Addressing The Human Cost of Assam Tea
#TruthAboutTea
People have been enjoying the refreshing, health-giving qualities of tea for over four thousand years. Two billion cups of tea are consumed globally every day[1]. In India, over 850 million people and nine out of every ten households consume tea daily.[2] In markets such as the UK, consumers drink some 165 million cups of tea a day – enough to fill 20 Olympic-sized swimming pools.[3]
Assam tea is particularly valued by consumers for its rich, robust and aromatic flavour. Like champagne, Assam tea is named for the region where it is grown: the lush, humid plains of the Brahmaputra River valley in North-East India. Often, supermarkets sell it at premium prices, either as pure Assam tea or as part of popular blends such as ‘English Breakfast’ tea. Building on the findings of a series of reports by local non-government organizations and international media outlets, new research commissioned by Oxfam and undertaken by the Tata Institute of Social Sciences (TISS) on 50 tea estates shows the shocking scale and depth of human suffering of the women and men that produce our tea.[4] The new research finds that the workers who bring us this prized brew struggle to earn enough to cover their basic living costs, to find drinking water that will not give them typhoid or cholera, to reach a medical facility in time to treat illnesses, or to find shelter from the monsoon rains under the dilapidated roofs of their cramped houses.
Researchers interviewed 510 workers on 50 Assam tea estates that supply to tea brands and supermarkets internationally, revealing appalling working and living conditions that constitute a failure to respect, protect and fulfill international human and labour rights.[5] These findings include:
• Poverty wages that are below the minimum wage for Assam’s unskilled agricultural workers.

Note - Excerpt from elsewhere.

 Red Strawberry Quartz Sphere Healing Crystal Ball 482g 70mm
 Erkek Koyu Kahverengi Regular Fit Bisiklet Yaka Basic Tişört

• Injustice for women. Including unpaid domestic work, women tea workers undertake up to 13 hours of physical labour per day after just six hours’ rest. They do the labour-intensive, low-paid task of plucking tea, while men get the better paid, more respected factory jobs. They are excluded from decision making and from pay and working conditions negotiations. These add up to a working life deprived of dignity.
• Lack of basic healthcare, education, housing, food and sanitation entitlements. Housing and toilets are dilapidated or non-existent. Most workers do not have access to safe drinking water, so despite doctors’ warnings, they have no choice but to drink the contaminated water, meaning diseases such as cholera and typhoid are common.
Accordingly, we call for urgent action from supermarkets, tea brands, and state authorities to end the human suffering of Assam’s tea workers, and support a life of dignified work.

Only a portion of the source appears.